All that is to say, was Lancaster Mennonite the better team on that Saturday when they lined up against Lansdale Catholic on the afternoon of March 8th on Mennonite’s campus for the opening round of states? Yes. Was it so tremendously obvious and in such a demonstrable manner that made it questionable as to why this game was even being played in the first place? Not quite. If you came in from Mars, the difference in separation between an 8-14 Lansdale Catholic team and a 20-3 District 3 runner-up in that of Lancaster Mennonite wasn’t nearly so stark as one may have originally thought. And that’s whether you want to parachute in from either the planet of Mars or the town on the western side of the state all the same.
Now, considering that Lansdale Catholic has a brand new and energetic young head coach in Torre Harrison, along with an incredibly young and talented roster to boot, Lansdale Catholic may prove themselves to be the latest up-and-comer in the form of a Philly Catholic League thoroughbred to inflict damage upon the state tournament sooner rather than later.
And that’s not for nothing either.
Remember Conwell-Egan? Aliquippa certainly does seeing as how the Eagles knocked off the Quips for the 2015 AA state title. This year though, even with a state championship trophy sitting in their trophy case won within the span of the last decade, Conwell-Egan finished just a smidge above winless Lansdale Catholic when it came to the overall Philadelphia Catholic League standings.
Keeping that in mind, with Father Judge now winning their first state title courtesy of their win over Roman on Saturday night, seven different member institutions on the boys’ side of the 14-team Philadelphia Catholic League have now won a state basketball title inside the span of the last ten years. Slide the scale downward to that of even making it to the state championship game period, and you wind up with nine of the assembled 14.
Is it impossible for other teams, private or public alike, to knock off this venerable beast moving forward? It’s been done before.

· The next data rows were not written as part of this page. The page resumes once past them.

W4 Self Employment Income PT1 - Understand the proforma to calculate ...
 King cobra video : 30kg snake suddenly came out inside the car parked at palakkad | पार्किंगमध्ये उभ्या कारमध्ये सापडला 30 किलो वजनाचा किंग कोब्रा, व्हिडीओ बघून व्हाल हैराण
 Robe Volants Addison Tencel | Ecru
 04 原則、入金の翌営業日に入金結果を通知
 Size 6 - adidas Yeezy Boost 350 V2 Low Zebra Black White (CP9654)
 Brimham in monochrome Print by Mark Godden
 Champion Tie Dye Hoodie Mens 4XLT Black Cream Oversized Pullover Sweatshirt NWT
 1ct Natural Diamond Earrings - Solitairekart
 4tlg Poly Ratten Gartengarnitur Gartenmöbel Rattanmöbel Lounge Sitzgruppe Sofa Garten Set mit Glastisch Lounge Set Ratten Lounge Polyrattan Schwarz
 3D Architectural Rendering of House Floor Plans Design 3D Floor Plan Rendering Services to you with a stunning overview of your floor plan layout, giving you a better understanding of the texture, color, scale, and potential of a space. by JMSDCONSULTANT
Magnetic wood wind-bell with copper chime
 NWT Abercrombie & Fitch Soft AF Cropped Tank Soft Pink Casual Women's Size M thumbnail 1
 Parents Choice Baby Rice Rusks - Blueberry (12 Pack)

Reading High did it on the boys’ side twice in 2021 and 2023 respectively in knocking off Archbishop Wood and Roman Catholic to claim 6A supremacy. Shoot, even South Fayette showed it can be accomplished on Saturday night as the Lions were able to stop Wood’s quest for a five-peat on the girls’ side of the 5A ledger.
But as was proven over the course of this weekend, it requires a full 32-minute effort from tip to final gun with essentially zero margin for error. And that’s just to simply get you out of the starting blocks.
Even a team like Hershey, one that probably floated into the locker room for the halftime respite rather than actually running in following a 3-ball sunk just prior to the second quarter horn by way of James Campbell IV, capping off a blistering 8-13 shooting display from beyond the arc from the Trojans as a collective unit during the first half on Friday night while en route to what was a 44-37 Hershey lead over Neumann-Goretti at the break, that too couldn’t withstand a final 16-minute Saints’ barrage inside the second half as it turned out.
So, is the hill really so mammoth and so steep for others to try and climb as it may outwardly appear to where beating a Philly Catholic League team is worthy of celebrating like you won a state championship? That’s up for you to decide. Regardless, all roads to Hershey go through Philadelphia at some point in time.
They may come from the City of Brotherly Love. But until proven otherwise, the Philadelphia Catholic League’s supremacy over the rest of the state certainly seems to be grandfathered in.